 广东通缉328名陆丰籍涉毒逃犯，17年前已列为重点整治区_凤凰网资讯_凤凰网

* * *

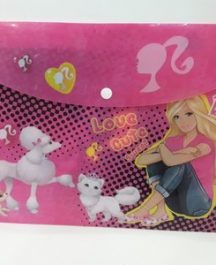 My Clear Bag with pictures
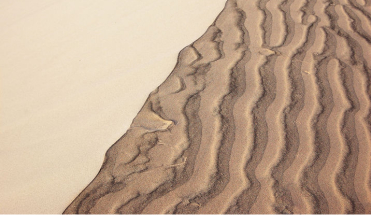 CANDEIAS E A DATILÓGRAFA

• **Aim of the task**:
Go to the line above that has "My Clear Bag with pictures" and copy exactly from there down to the line that has "CANDEIAS E A DATILÓGRAFA", both included. Leave the pictures out.

• **Exercise solution**:
 My Clear Bag with pictures
 CANDEIAS E A DATILÓGRAFA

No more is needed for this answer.